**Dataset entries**
┏━━
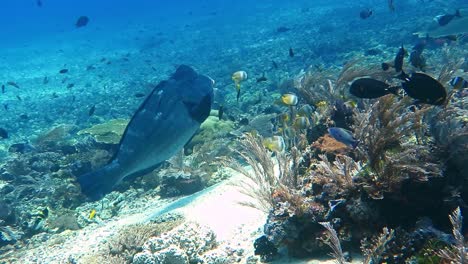 a big bump head parrot fish getting cleaned above a coral reef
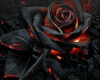 dark rose sitting box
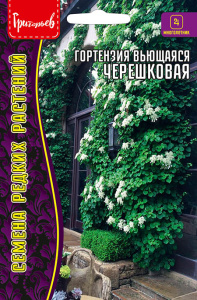 Гортензия вьющаяся Черешковая купить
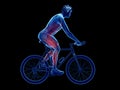a cyclists muscles Royalty Free Stock Photo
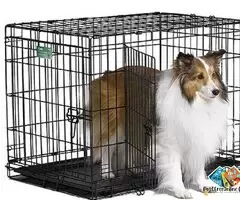 Pet Shop stock available for bulk buy sale - Call 9699999338 / 3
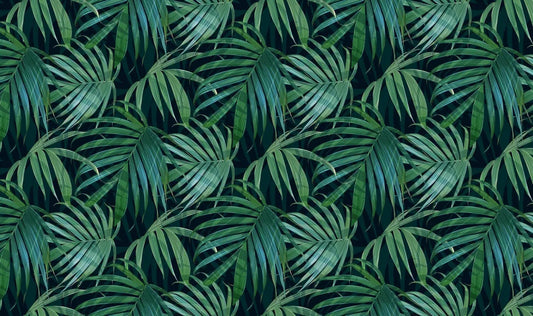 Large monstera leaves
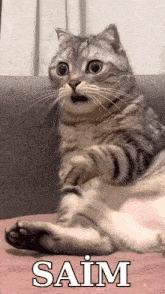 a cat sitting on a couch with the word saim written on the bottom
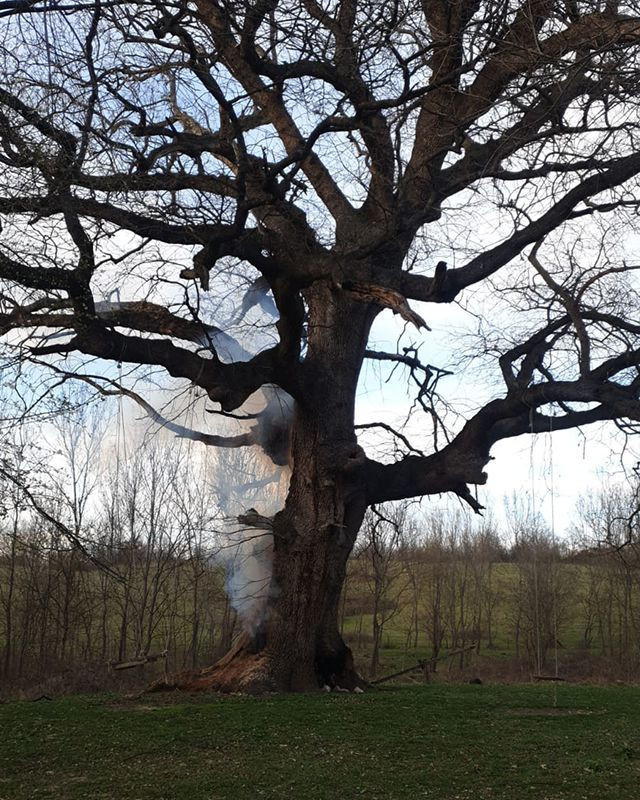 Bursa İnegöl'de 400 yıllık tarihi çınar ağacını yaktılar - Resim: 1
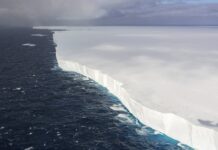 Крупнейший в мире айсберг продолжает удивлять ученых fd408496-90fe-4f05-b0fd-692bb626701e-67f195c7
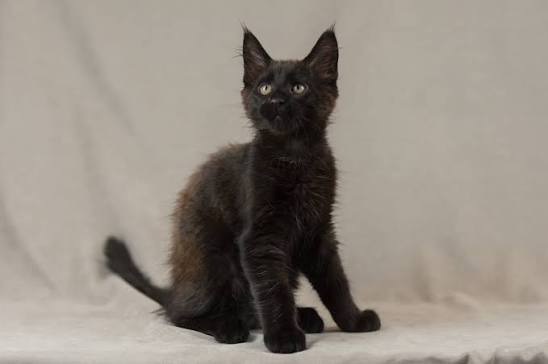 Black Maine Coon Kitten: Complete Guide to Color, Care & Personality 3 black maine coon kitten for adoption
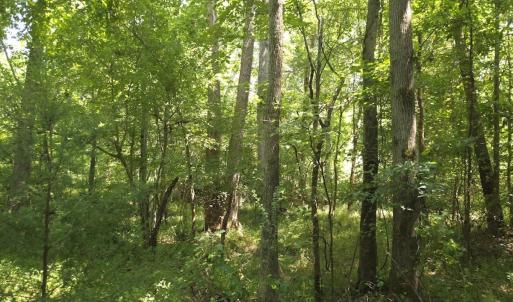 Photo #39 of Off Taylor Farm Lane , Henderson, NC 41.3 acres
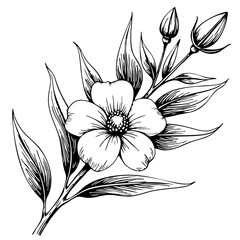 Flowering honeysuckle plant sketch in vintage illustration style  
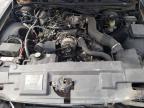 2004 Ford Crown Victoria Lx продається в Jacksonville, FL - Front End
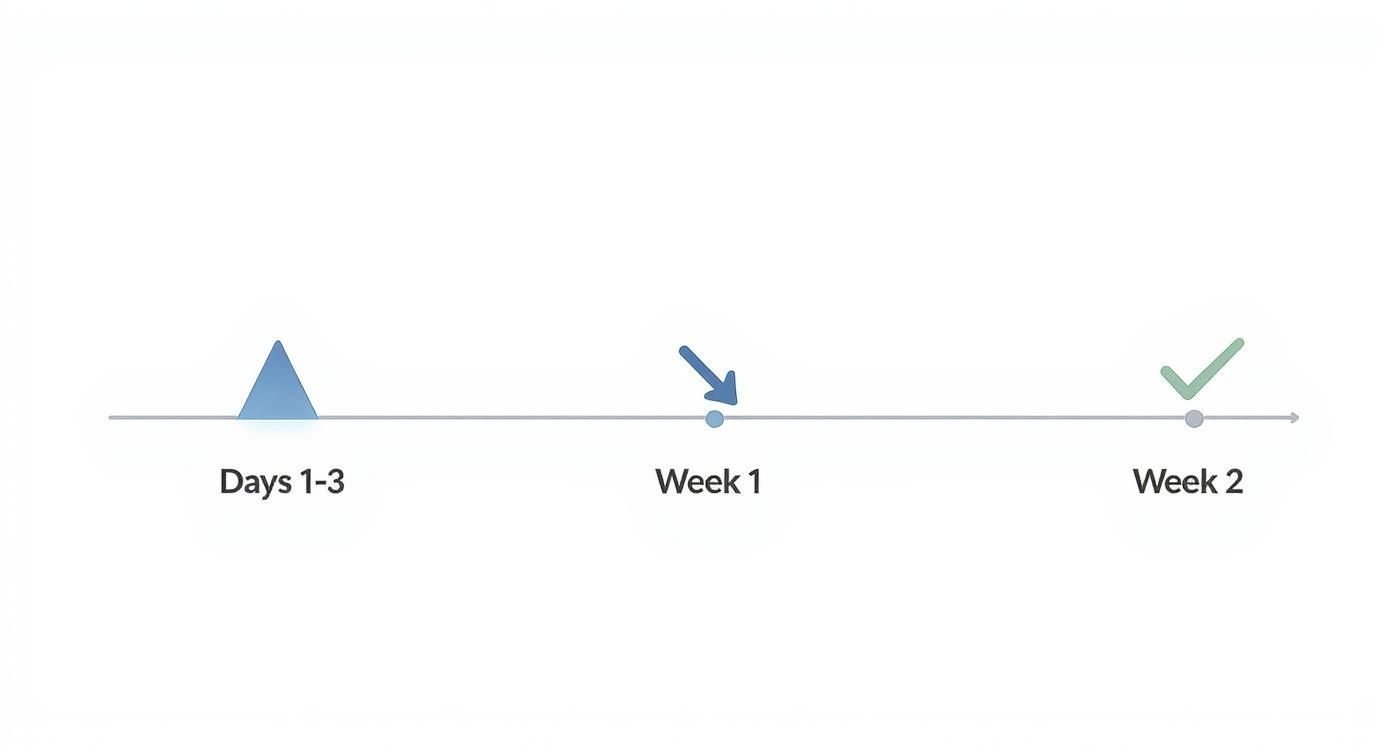A timeline graphic depicting events across Days 1-3, Week 1, and Week 2.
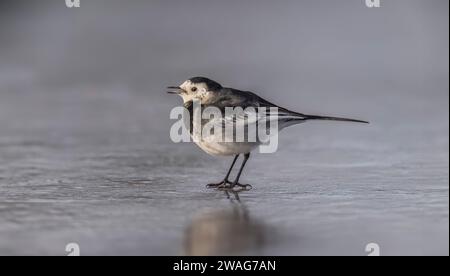 Pied wagtail, Motacilla alba in piedi sul ghiaccio, twitta Foto Stock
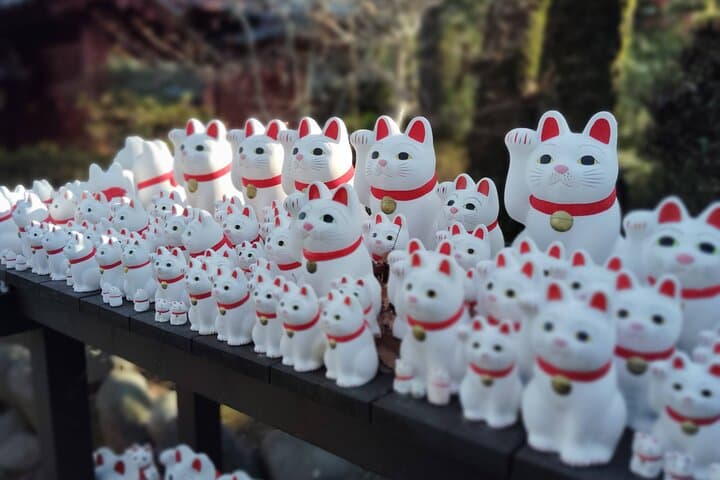 Gotokuji Temple Walking Tour with Numerous Cat Statues — photo 7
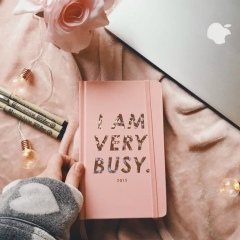 Индира Надирбегова, 14.06.1986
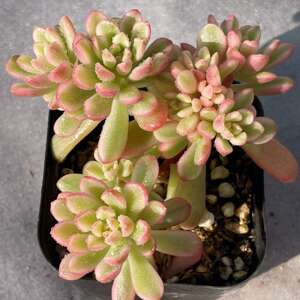 新品稀有塔洛克锦肉肉群生多头多肉植物盆栽办公室内花卉防辐射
┗━━
**Task**
The stretch above running from the line with "a cat sitting" through the line with "Black Maine Coon Kitten: Complete" is all you should copy, exactly, leaving out the pictures.

**Completed exercise**
 a cat sitting on a couch with the word saim written on the bottom
 Bursa İnegöl'de 400 yıllık tarihi çınar ağacını yaktılar - Resim: 1
 Крупнейший в мире айсберг продолжает удивлять ученых fd408496-90fe-4f05-b0fd-692bb626701e-67f195c7
 Black Maine Coon Kitten: Complete Guide to Color, Care & Personality 3 black maine coon kitten for adoption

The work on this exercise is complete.